(MATERIAL FOR THE TASK Opens)

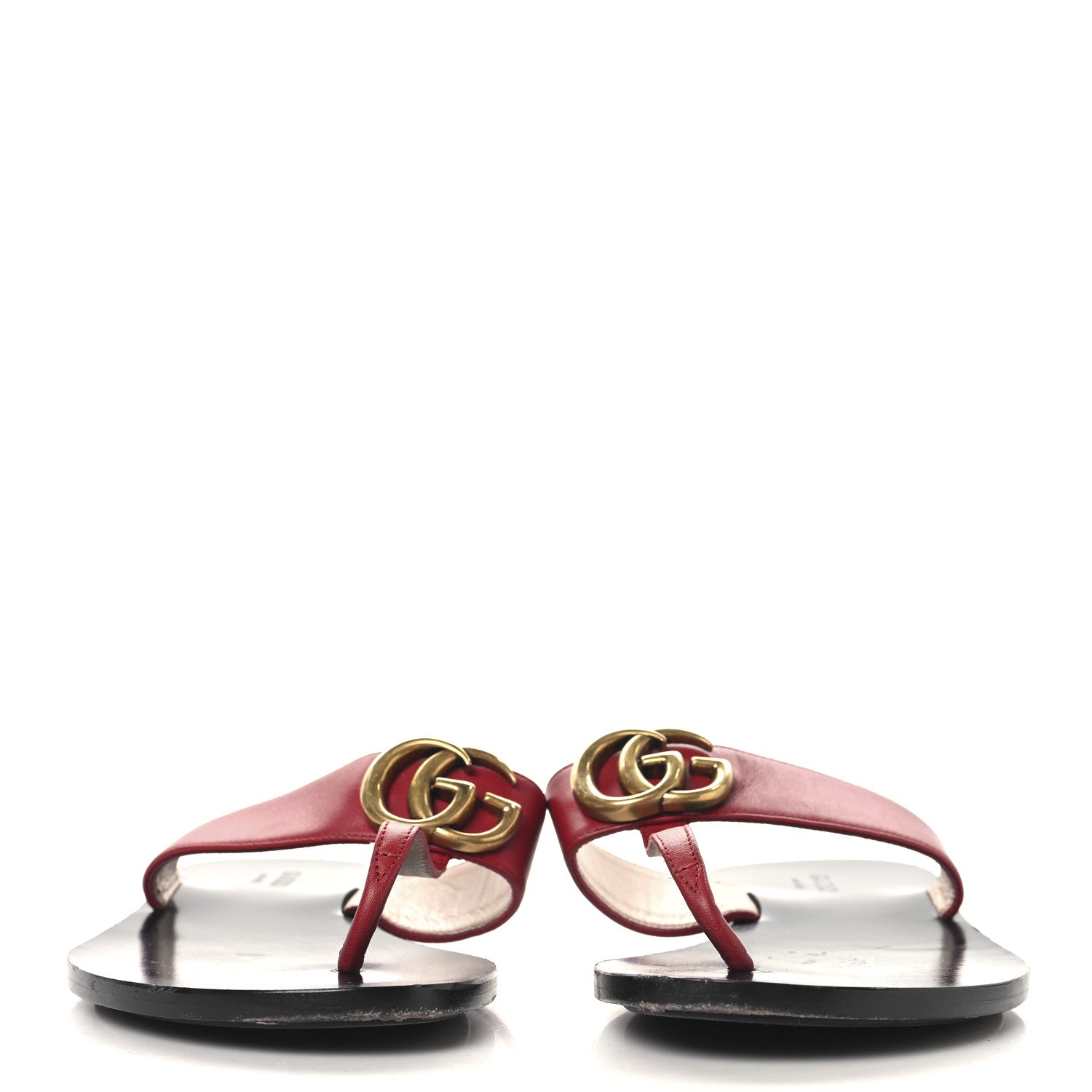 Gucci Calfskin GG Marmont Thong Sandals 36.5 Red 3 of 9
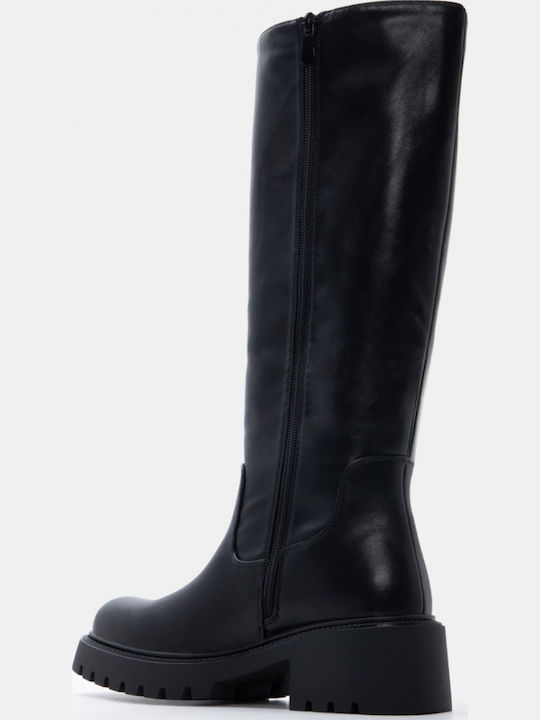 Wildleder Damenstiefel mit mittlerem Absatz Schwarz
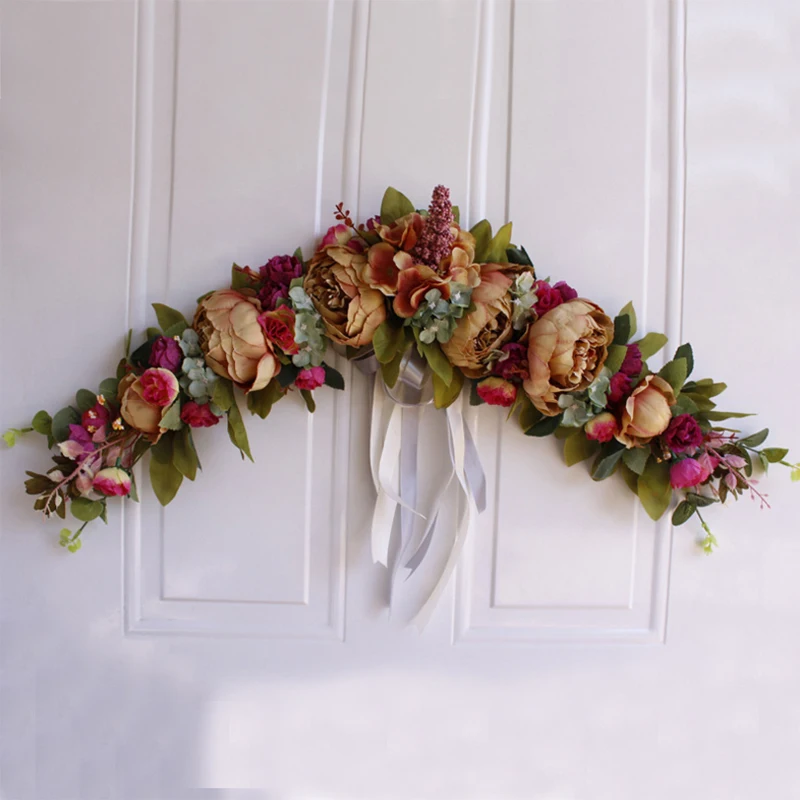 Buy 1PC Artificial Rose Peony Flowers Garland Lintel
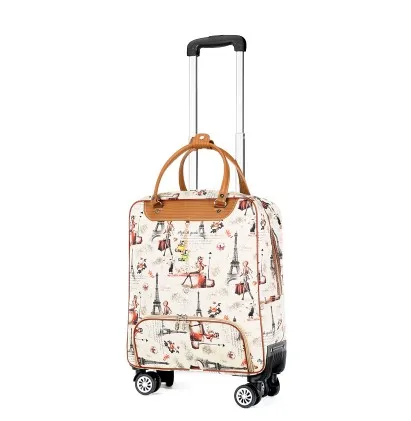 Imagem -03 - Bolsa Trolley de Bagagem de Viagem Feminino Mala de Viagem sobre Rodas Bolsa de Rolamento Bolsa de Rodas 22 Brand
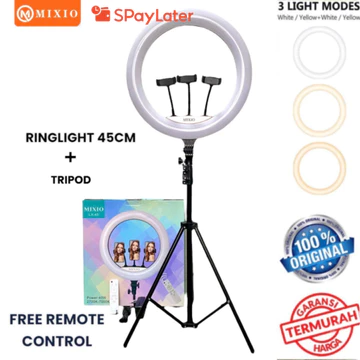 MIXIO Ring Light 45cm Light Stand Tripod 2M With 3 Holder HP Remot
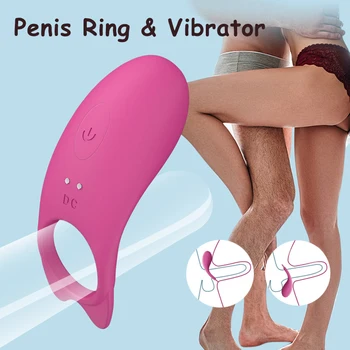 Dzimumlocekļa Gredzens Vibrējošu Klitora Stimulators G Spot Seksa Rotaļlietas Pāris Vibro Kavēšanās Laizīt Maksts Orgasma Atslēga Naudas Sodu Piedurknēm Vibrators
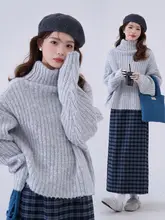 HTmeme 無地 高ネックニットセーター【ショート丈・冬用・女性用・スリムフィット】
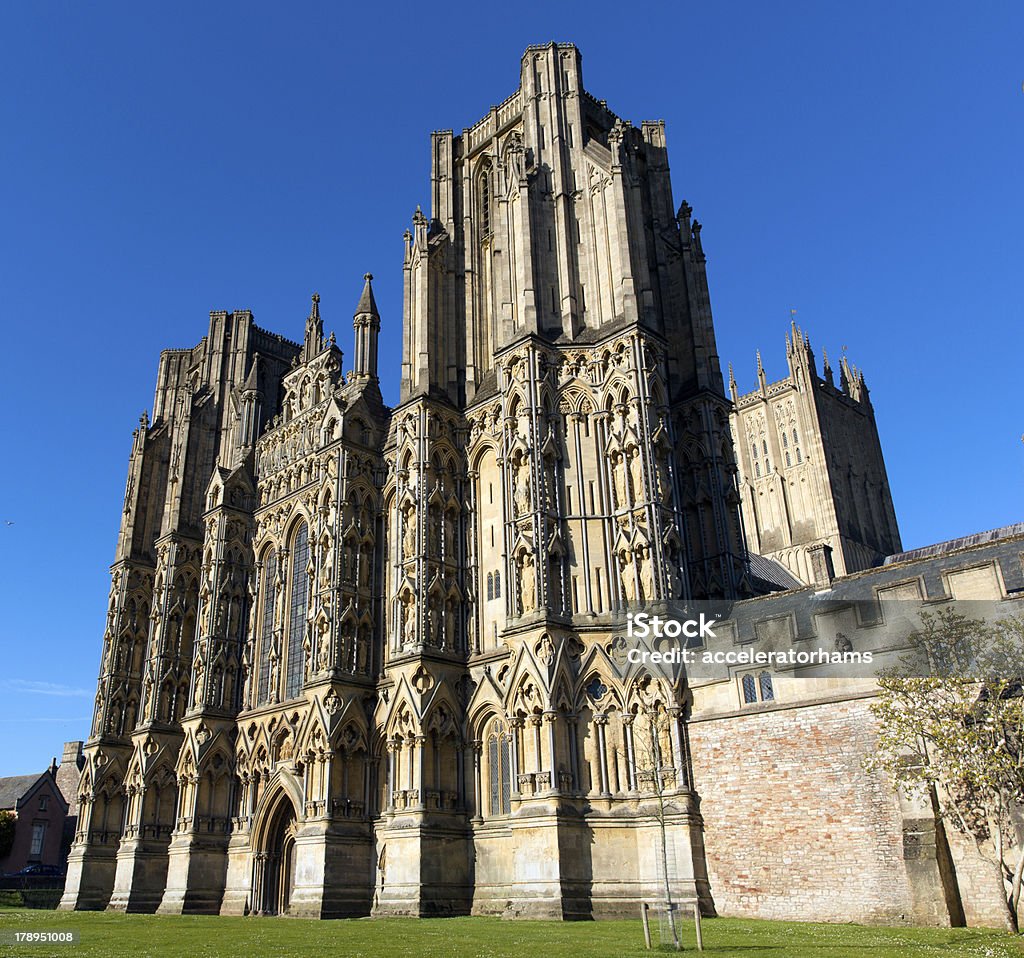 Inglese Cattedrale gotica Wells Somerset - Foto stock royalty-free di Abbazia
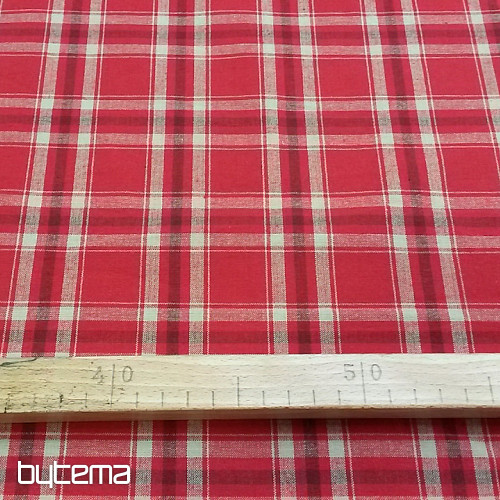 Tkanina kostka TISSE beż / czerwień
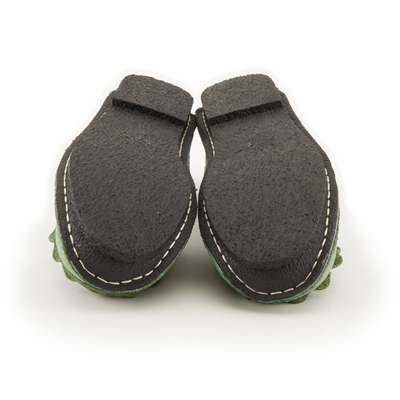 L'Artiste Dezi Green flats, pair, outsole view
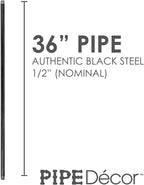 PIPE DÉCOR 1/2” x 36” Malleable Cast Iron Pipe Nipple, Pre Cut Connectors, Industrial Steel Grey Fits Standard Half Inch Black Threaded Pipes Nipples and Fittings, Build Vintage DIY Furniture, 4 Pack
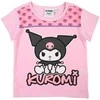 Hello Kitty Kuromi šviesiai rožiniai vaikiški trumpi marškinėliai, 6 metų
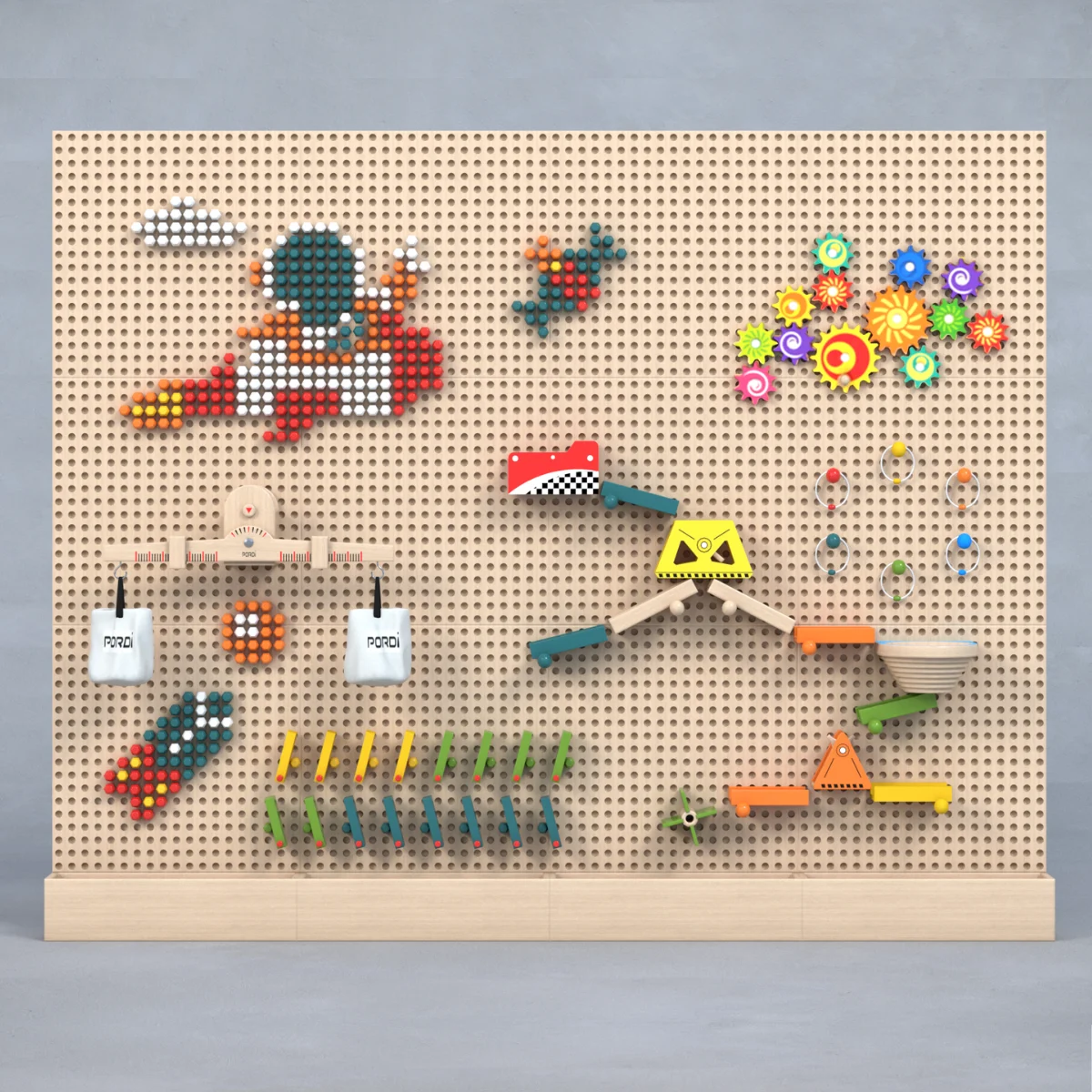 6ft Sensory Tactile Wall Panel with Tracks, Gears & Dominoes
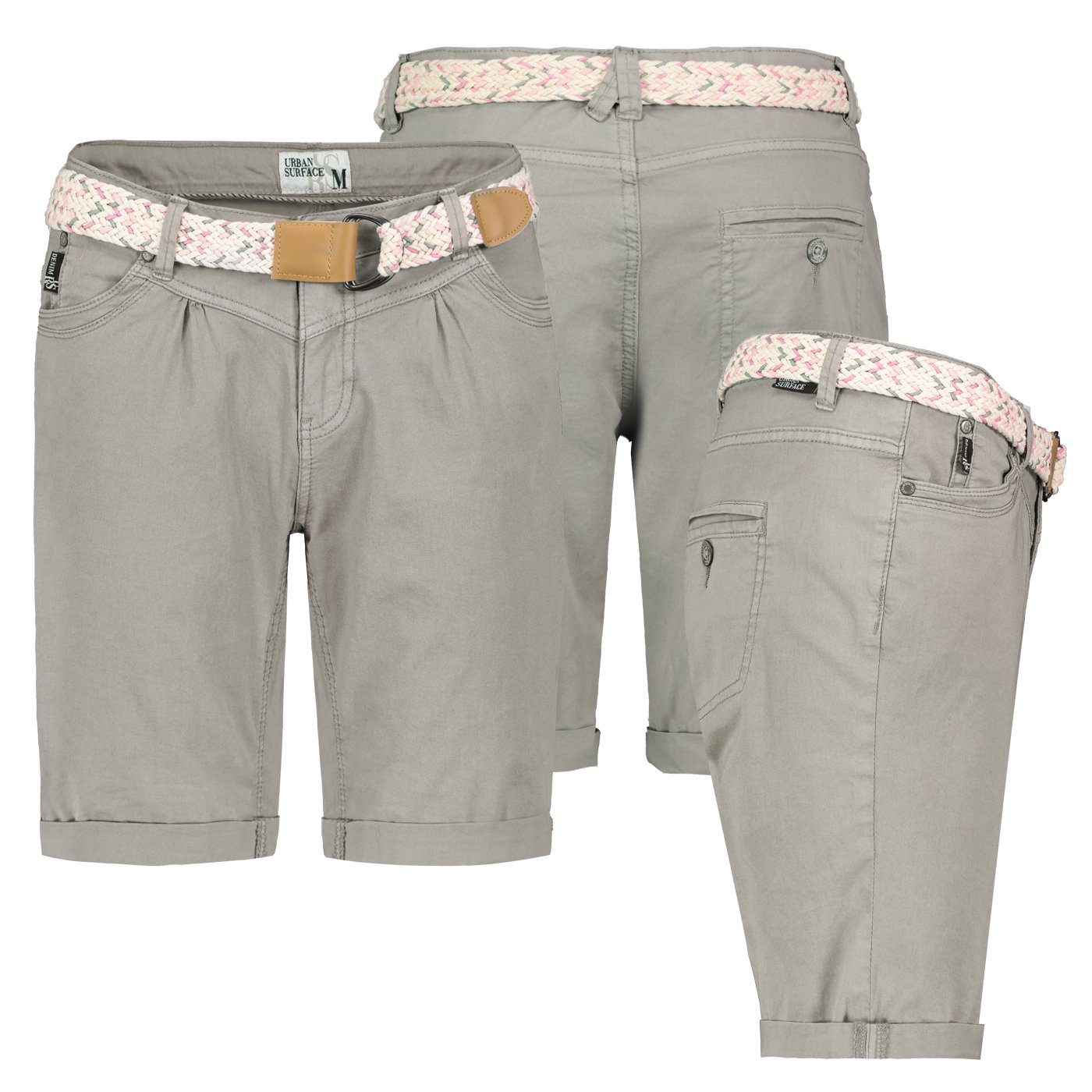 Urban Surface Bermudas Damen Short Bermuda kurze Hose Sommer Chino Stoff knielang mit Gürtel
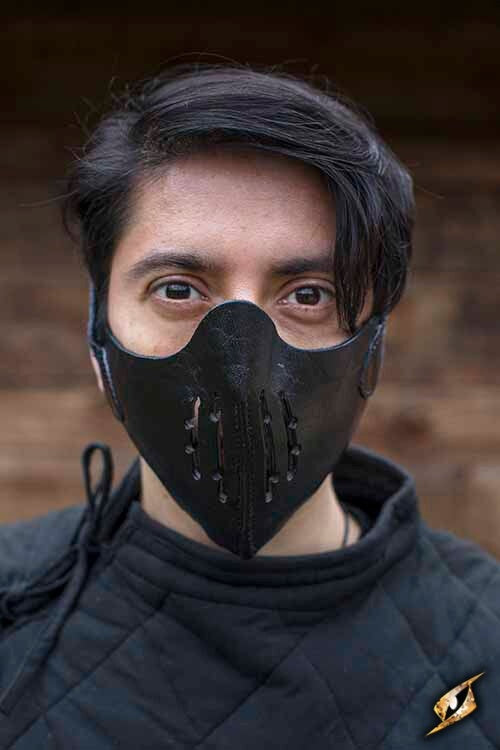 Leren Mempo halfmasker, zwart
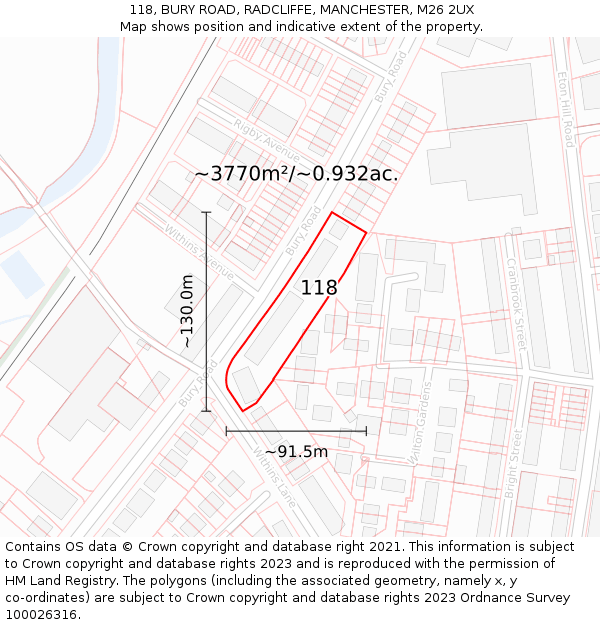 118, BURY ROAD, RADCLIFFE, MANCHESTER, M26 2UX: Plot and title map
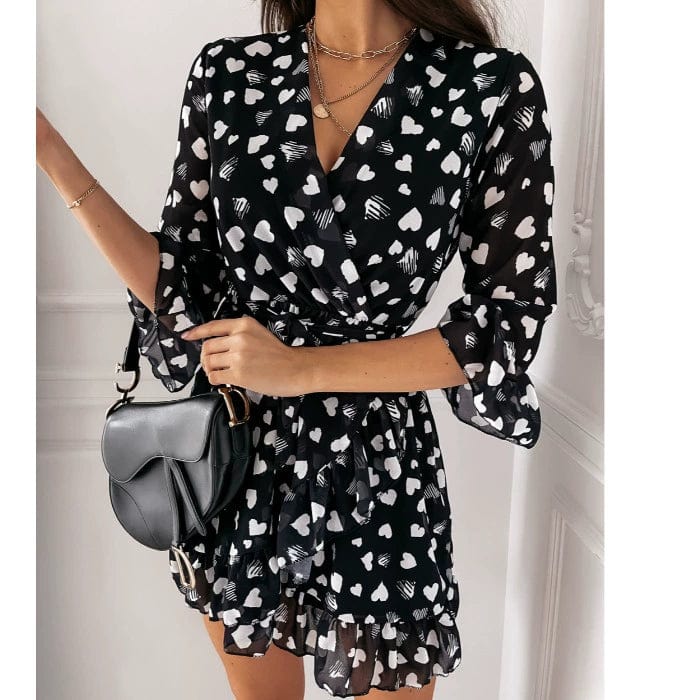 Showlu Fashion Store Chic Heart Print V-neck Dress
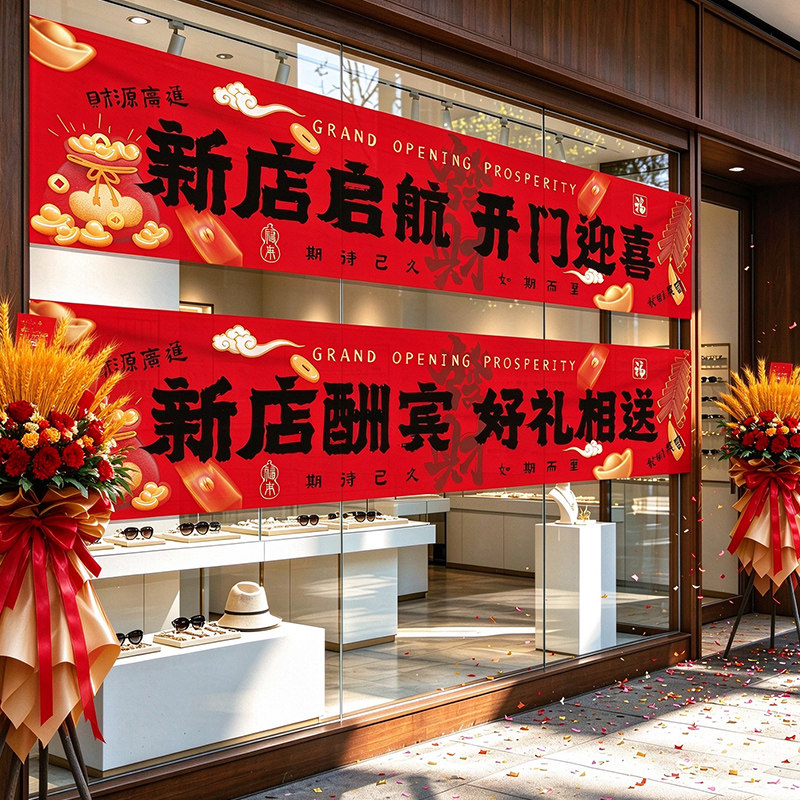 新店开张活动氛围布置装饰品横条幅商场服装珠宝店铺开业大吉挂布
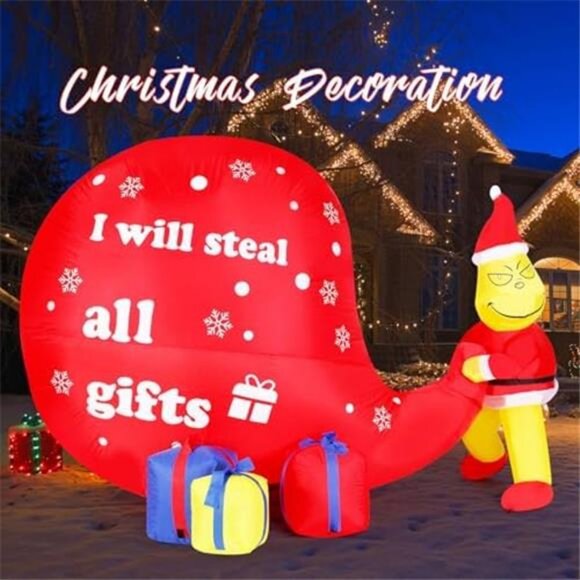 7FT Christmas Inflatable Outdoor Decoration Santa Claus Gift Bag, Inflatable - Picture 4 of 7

(MATERIAL FOR THE TASK Closes)

Write out each entry exactly; any pictures stay out of the copy.

 Gucci Calfskin GG Marmont Thong Sandals 36.5 Red 3 of 9
 Wildleder Damenstiefel mit mittlerem Absatz Schwarz
 Buy 1PC Artificial Rose Peony Flowers Garland Lintel
 Imagem -03 - Bolsa Trolley de Bagagem de Viagem Feminino Mala de Viagem sobre Rodas Bolsa de Rolamento Bolsa de Rodas 22 Brand
 MIXIO Ring Light 45cm Light Stand Tripod 2M With 3 Holder HP Remot
 Dzimumlocekļa Gredzens Vibrējošu Klitora Stimulators G Spot Seksa Rotaļlietas Pāris Vibro Kavēšanās Laizīt Maksts Orgasma Atslēga Naudas Sodu Piedurknēm Vibrators
 HTmeme 無地 高ネックニットセーター【ショート丈・冬用・女性用・スリムフィット】
 Inglese Cattedrale gotica Wells Somerset - Foto stock royalty-free di Abbazia
 Tkanina kostka TISSE beż / czerwień
 L'Artiste Dezi Green flats, pair, outsole view
 PIPE DÉCOR 1/2” x 36” Malleable Cast Iron Pipe Nipple, Pre Cut Connectors, Industrial Steel Grey Fits Standard Half Inch Black Threaded Pipes Nipples and Fittings, Build Vintage DIY Furniture, 4 Pack
 Hello Kitty Kuromi šviesiai rožiniai vaikiški trumpi marškinėliai, 6 metų
 6ft Sensory Tactile Wall Panel with Tracks, Gears & Dominoes
 Urban Surface Bermudas Damen Short Bermuda kurze Hose Sommer Chino Stoff knielang mit Gürtel
 Leren Mempo halfmasker, zwart
 118, BURY ROAD, RADCLIFFE, MANCHESTER, M26 2UX: Plot and title map
 Showlu Fashion Store Chic Heart Print V-neck Dress
 新店开张活动氛围布置装饰品横条幅商场服装珠宝店铺开业大吉挂布
 7FT Christmas Inflatable Outdoor Decoration Santa Claus Gift Bag, Inflatable - Picture 4 of 7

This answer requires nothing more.